In the decades to come, it’s assumed that we’ll uncover the secrets of our health and illness by studying the makeup of our DNA. But for some researchers at UC, the future of treating certain diseases lies in DNA’s less famous cousin, the other macromolecular essential for life—RNA.
Professor and Dane and Mary Louise Miller Endowed Chair in biomedical engineering Peixuan Guo, PhD, has been working with RNA for decades, pioneering its use as a versatile building block for nanotechnology, or the engineering of functional systems at the molecular scale. In 1998, his lab discovered that RNA in the bacteriophage phi29 virus can self-assemble or be engineered into nanoparticles to gear a motor to package DNA into the virus’s protein shell.
With a $2.4 million award from the National Cancer Institute, he will now expand that research into studying RNA’s use as a nanoparticle in cancer therapy. The grant is part of the second phase of the NCI’s Alliance for Nanotechnology in Cancer program, which funds researchers working to leverage the specific advantages of nanotechnology to improve the diagnosis, treatment and prevention of cancer.
The five-year award will establish a Cancer Nanotechnology Platform Partnership at UC. Guo, who serves as director of UC’s NIH Nanomedicine Development Center, says RNA’s unique properties will be used to explore the delivery of targeted therapies to diseased cells or tissues via nanotechnology.
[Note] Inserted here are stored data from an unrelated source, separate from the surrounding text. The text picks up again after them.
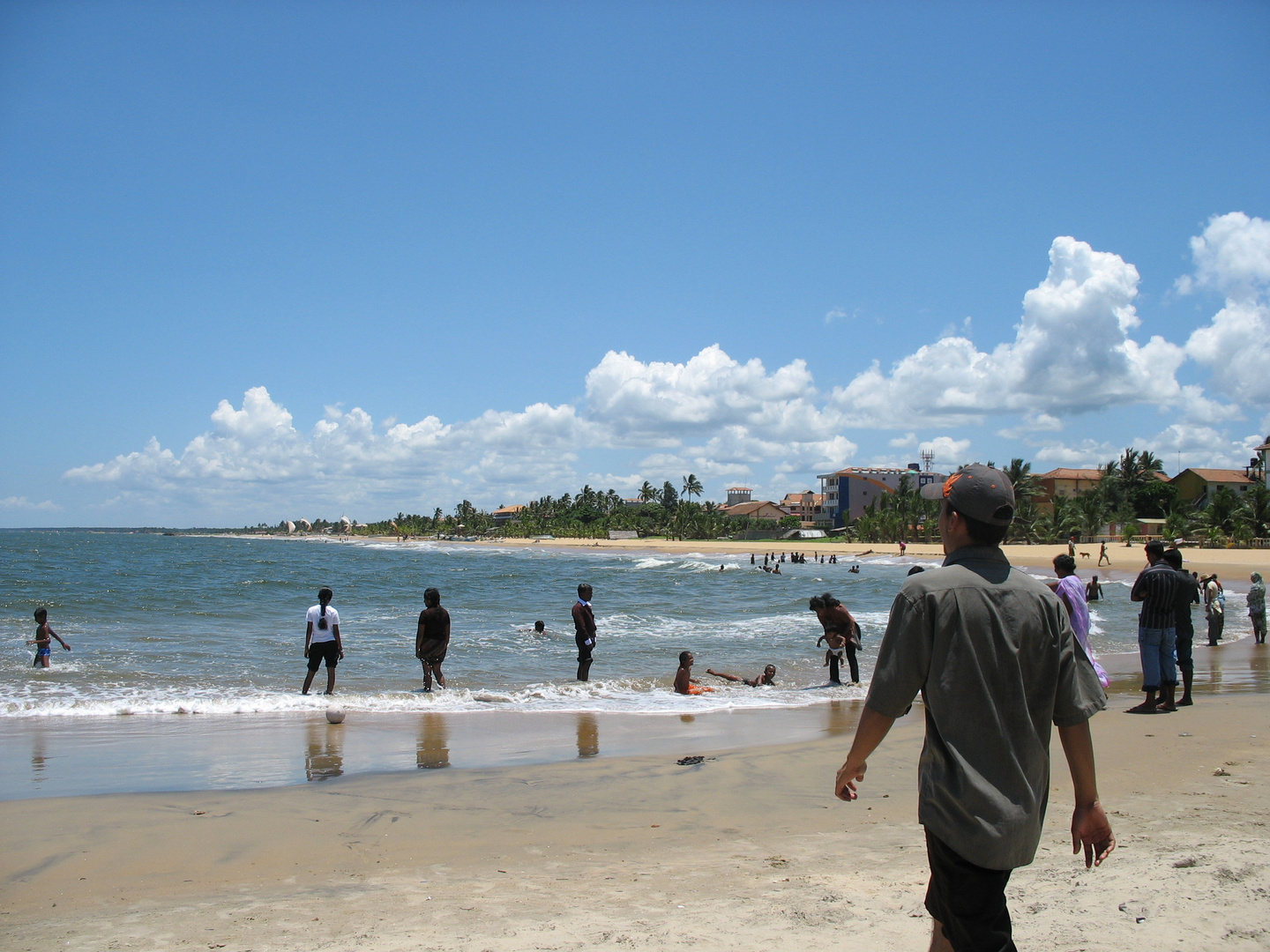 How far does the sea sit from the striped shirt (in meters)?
3.89

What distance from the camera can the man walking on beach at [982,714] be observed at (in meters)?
2.31

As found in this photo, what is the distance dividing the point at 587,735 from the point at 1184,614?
256 inches

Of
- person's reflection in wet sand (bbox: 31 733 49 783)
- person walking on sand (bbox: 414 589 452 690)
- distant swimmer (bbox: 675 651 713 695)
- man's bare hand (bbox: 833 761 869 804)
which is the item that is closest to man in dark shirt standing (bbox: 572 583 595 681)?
distant swimmer (bbox: 675 651 713 695)

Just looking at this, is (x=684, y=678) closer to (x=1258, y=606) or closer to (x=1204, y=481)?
(x=1258, y=606)

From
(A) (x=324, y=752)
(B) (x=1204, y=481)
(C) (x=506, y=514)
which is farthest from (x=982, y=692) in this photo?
(C) (x=506, y=514)

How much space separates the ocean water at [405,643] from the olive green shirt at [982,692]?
27.3 ft

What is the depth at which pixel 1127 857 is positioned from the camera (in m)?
4.41

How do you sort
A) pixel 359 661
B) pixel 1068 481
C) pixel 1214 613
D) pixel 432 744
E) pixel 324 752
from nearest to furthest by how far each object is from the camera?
pixel 324 752, pixel 432 744, pixel 359 661, pixel 1214 613, pixel 1068 481

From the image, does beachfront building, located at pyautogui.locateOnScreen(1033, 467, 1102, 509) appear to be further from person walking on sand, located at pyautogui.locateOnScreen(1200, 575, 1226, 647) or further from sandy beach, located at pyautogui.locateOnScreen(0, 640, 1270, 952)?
sandy beach, located at pyautogui.locateOnScreen(0, 640, 1270, 952)

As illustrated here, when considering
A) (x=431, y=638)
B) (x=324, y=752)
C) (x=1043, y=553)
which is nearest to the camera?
(x=324, y=752)

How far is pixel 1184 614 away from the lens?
888cm

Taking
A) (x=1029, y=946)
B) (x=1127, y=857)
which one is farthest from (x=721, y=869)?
(x=1127, y=857)

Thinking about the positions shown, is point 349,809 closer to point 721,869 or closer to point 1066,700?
point 721,869

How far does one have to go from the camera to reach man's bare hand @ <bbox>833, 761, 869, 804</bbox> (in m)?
2.53
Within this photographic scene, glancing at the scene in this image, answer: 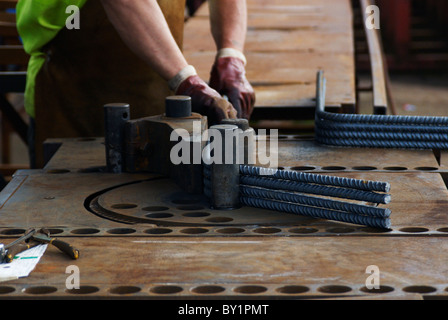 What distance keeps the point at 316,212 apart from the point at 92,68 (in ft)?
4.72

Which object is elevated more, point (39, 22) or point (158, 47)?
point (39, 22)

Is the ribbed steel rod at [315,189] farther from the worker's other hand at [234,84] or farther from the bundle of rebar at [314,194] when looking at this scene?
the worker's other hand at [234,84]

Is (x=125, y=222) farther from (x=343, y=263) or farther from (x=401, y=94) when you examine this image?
(x=401, y=94)

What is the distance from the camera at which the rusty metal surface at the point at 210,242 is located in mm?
1409

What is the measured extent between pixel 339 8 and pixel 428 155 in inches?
140

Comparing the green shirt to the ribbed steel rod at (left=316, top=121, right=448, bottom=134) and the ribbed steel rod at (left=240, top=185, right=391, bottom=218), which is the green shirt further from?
the ribbed steel rod at (left=240, top=185, right=391, bottom=218)

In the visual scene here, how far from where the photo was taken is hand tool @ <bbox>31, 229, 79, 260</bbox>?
1.56 metres

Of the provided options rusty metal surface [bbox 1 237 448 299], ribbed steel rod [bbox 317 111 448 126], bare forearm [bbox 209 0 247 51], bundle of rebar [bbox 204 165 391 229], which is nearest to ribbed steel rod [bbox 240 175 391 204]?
bundle of rebar [bbox 204 165 391 229]

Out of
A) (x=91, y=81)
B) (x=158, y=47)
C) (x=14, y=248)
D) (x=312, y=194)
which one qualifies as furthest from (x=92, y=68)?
(x=14, y=248)

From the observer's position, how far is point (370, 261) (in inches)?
60.2

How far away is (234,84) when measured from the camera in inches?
109

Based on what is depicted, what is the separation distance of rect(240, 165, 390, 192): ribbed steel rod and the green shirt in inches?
47.6

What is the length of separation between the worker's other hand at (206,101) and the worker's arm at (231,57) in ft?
0.89

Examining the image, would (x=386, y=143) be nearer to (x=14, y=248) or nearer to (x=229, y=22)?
(x=229, y=22) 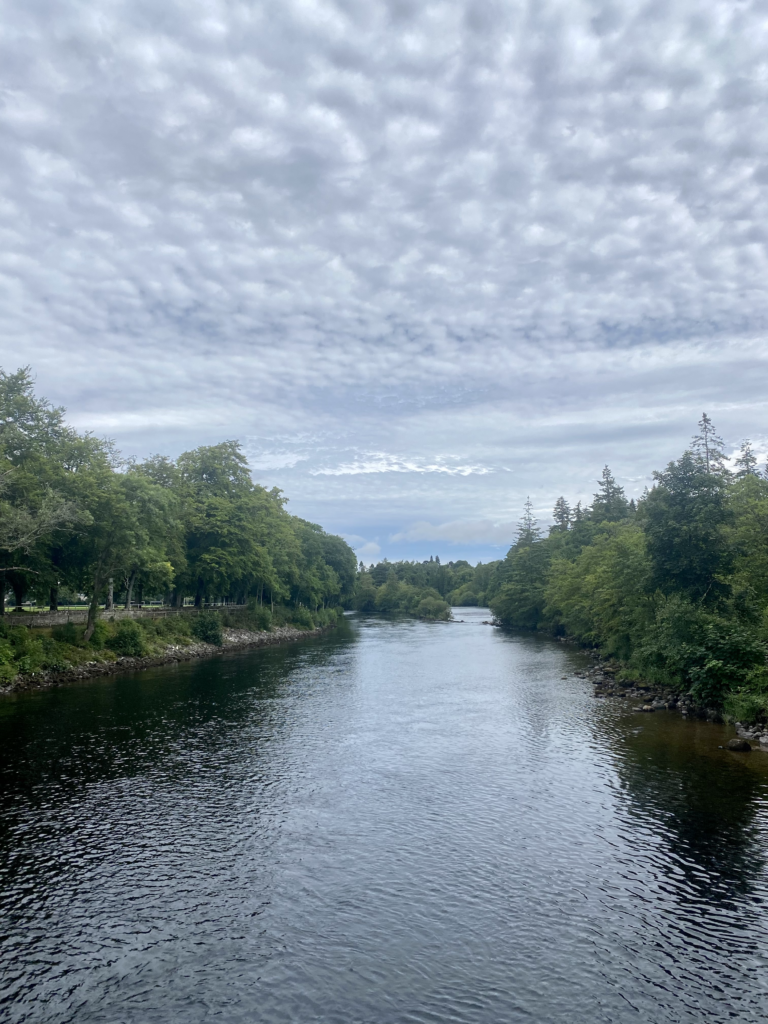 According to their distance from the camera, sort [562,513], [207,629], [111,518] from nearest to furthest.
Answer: [111,518] < [207,629] < [562,513]

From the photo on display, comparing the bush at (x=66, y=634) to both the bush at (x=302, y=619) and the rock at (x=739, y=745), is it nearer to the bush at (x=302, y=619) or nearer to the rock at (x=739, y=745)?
the rock at (x=739, y=745)

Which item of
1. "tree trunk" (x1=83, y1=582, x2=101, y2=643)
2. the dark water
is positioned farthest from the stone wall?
the dark water

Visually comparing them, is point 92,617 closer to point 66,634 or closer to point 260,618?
point 66,634

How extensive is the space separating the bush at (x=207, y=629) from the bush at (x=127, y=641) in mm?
12630

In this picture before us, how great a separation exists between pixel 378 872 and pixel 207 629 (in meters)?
57.7

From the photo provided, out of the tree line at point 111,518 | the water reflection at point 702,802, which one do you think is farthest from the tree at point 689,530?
the tree line at point 111,518

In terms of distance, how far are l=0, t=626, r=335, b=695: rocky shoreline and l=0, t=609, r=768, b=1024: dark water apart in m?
9.22

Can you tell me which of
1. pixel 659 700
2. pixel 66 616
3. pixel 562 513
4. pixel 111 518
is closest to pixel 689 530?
pixel 659 700

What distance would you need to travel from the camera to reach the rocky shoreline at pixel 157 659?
4309cm

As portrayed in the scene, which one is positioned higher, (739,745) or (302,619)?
(302,619)

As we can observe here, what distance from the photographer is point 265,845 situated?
18766mm

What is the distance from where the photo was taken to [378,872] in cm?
1706

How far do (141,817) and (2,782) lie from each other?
689 cm

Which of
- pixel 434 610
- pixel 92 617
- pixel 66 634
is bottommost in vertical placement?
pixel 434 610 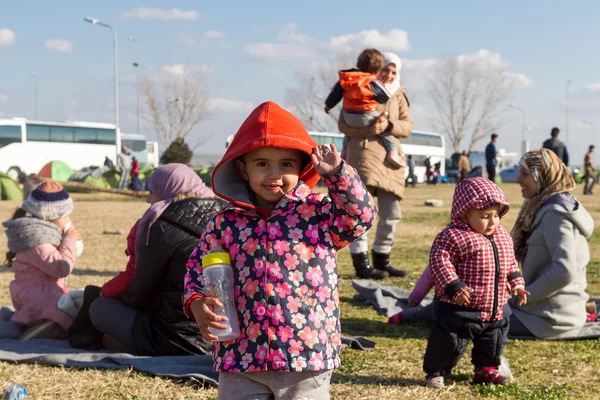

"RNA is particularly attractive in nanotechnology and nanomedicine,” he says. "It can be manipulated as easily as DNA, but possesses the versatility in structure and catalytic function similar to that of proteins.”
As part of the award, Guo will work with an interdisciplinary team of biomedical engineering scientists, cancer biologists and RNA and DNA nanotechnology experts, including Malak Kotb, PhD, chair of UC’s molecular genetics, biochemistry and microbiology department.
Kotb credits UC’s nanotechnology program for helping to bring her to Cincinnati from the University of Tennessee Health Science Center in Memphis.
"The promise of Dr. Guo’s technology in the diagnosis and treatment of diseases, including cancer and infectious disease, is enormous,” she says. "RNA nanotechnology can create ideal therapeutic delivery molecules because RNA molecules can be bundled in different shapes and structures—this enhances their ability to interact with high specificity to molecules outside and inside cells, without causing toxicity or side effects.”
In order to construct these delivery molecules, researchers will first develop new ways to screen for stable segments of RNA that can be used as nanodevices. But Kotb says RNA nanotechnology has already shown success on cancer models in her lab.
"We had been developing targeted therapeutics for leukemia and lymphoma,” she says, "where we were aiming to target a specific gene that these cancerous cells depend on for their survival, but on which normal cells have less dependency. Working with Dr. Guo, we generated an effective RNA nanoparticle that not only carries the gene-silencing construct but is also decorated with another RNA nanoparticle. The second nanoparticle escorts the therapeutic nanoparticle specifically to the target cancer cells, effectively silencing the target gene and diminishing tumor growth.”
"We’re now eager to generate RNA nanoparticles that can affect our immune system in a way that enhances our ability to fight certain infections,” says Kotb, "or that help repair damage caused by unregulated immune responses to microbes.”
Spreading the Word About a Growing Field…
Though he believes the study of nanotechnology has moved "beyond imaginable possibilities,” Guo says the use of RNA is still new to many in his field.
"Although the concept of RNA nanotechnology has been developed for more than 10 years, the popularity of studying RNA nanostructures has only emerged recently—90 percent of publications on RNA nanostructures were published on or after 2006,” he says.
To help spread the concept and approaches of RNA nanotechnology, Guo published a "call to arms” paper, "The Emerging Field of RNA Nanotechnology” in Nature Nanotechnology this fall, outlining the properties of RNA nanoparticles, existing techniques and challenges for the future.
"I hope the paper will be a landmark to researchers to promote a very important new field for the treatment of cancer, AIDs and hepatitis,” he says.
Guo also chaired the 2010 International Conference of RNA Nanotechnology and Therapeutics, the first event of its kind, held Oct. 23-25 in Cleveland: "With the new conference, we hope to bring together the brightest minds throughout the world to disseminate their knowledge and promote collaboration for advancing this emerging field of science,” he says.